## MATERIAL PROVIDED:
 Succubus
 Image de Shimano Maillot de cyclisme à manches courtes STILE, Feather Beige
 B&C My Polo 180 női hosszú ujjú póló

## YOUR ASSIGNMENT:
In full and without error, give the listing again.

## FINISHED TASK:
 Succubus
 Image de Shimano Maillot de cyclisme à manches courtes STILE, Feather Beige
 B&C My Polo 180 női hosszú ujjú póló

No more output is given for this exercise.